Recorded data
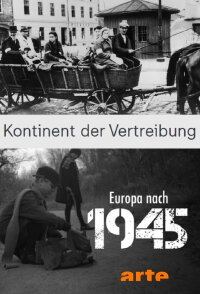 Kontinent der Vertreibung - Europa nach 1945 (2023)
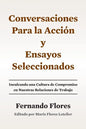 Conversaciones Para La Accion y Ensayos Seleccionados: Inculcando Una Cultura de Compromiso en Nuestras Relaciones de Trabajo - Paperback
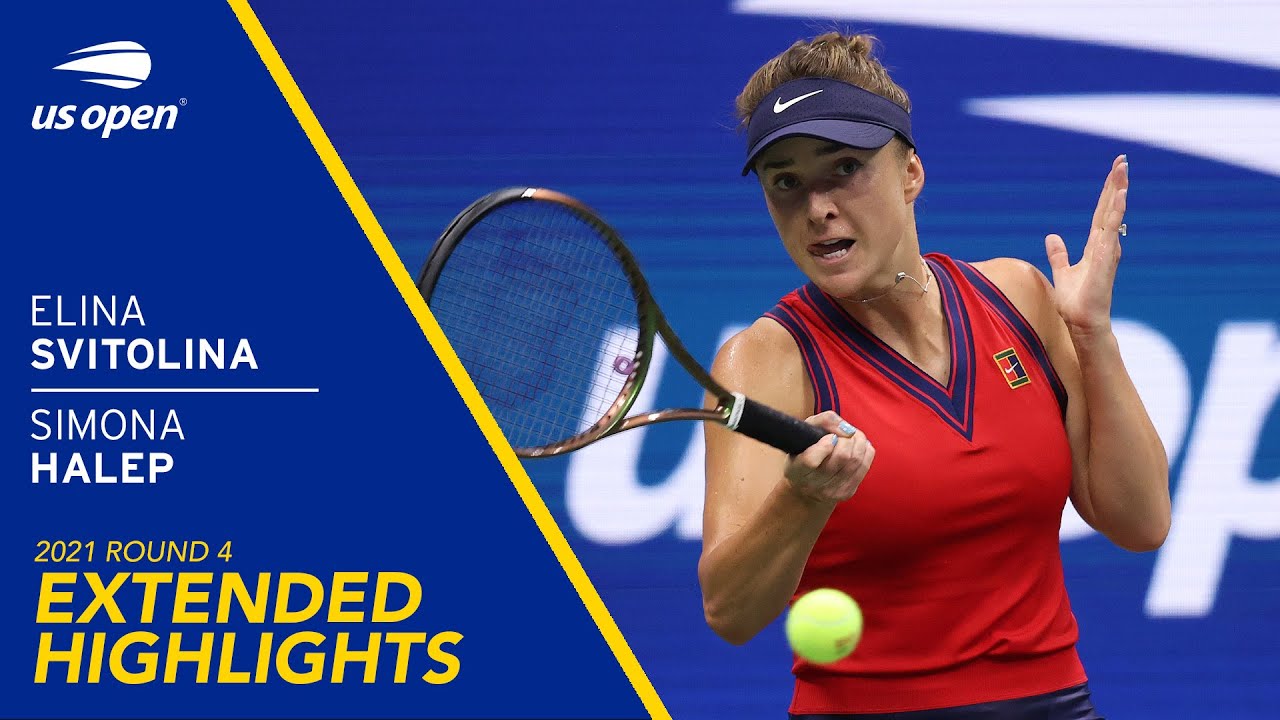 Elina Svitolina vs Simona Halep Extended Highlights 2021 US Open Round 4 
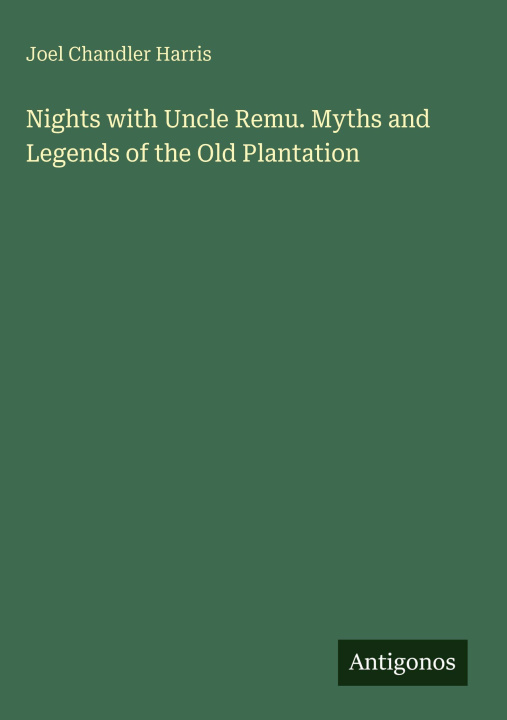 Kniha Nights with Uncle Remu. Myths and Legends of the Old Plantation 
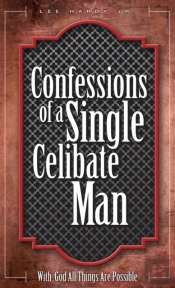 Confessions Of A Single Celibate Man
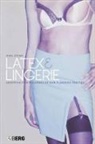 Merl Storr, Storr Merl, Paul Gilroy, Daniel Miller - Latex and Lingerie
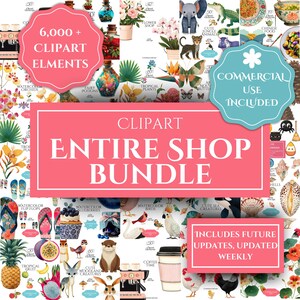 May include: A digital clipart bundle with various illustrations, including flowers, animals, food, and tropical elements. The image features text that reads "6,000+ Clipart Elements", "Entire Shop Bundle", and "Commercial Use Included".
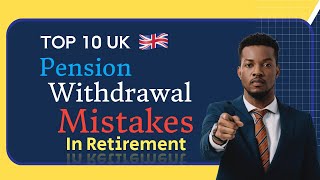 Top 10 UK Pension Decumulation Mistakes To Avoid in Retirement [upl. by Aicargatla]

● **Your task**
Please transcribe every entry exactly as written, leaving the pictures out.

● **Exercise output**
 Kontinent der Vertreibung - Europa nach 1945 (2023)
 Conversaciones Para La Accion y Ensayos Seleccionados: Inculcando Una Cultura de Compromiso en Nuestras Relaciones de Trabajo - Paperback
 Elina Svitolina vs Simona Halep Extended Highlights 2021 US Open Round 4 
 Kniha Nights with Uncle Remu. Myths and Legends of the Old Plantation 
 Confessions Of A Single Celibate Man
 Merl Storr, Storr Merl, Paul Gilroy, Daniel Miller - Latex and Lingerie
 May include: A digital clipart bundle with various illustrations, including flowers, animals, food, and tropical elements. The image features text that reads "6,000+ Clipart Elements", "Entire Shop Bundle", and "Commercial Use Included".
 Top 10 UK Pension Decumulation Mistakes To Avoid in Retirement [upl. by Aicargatla]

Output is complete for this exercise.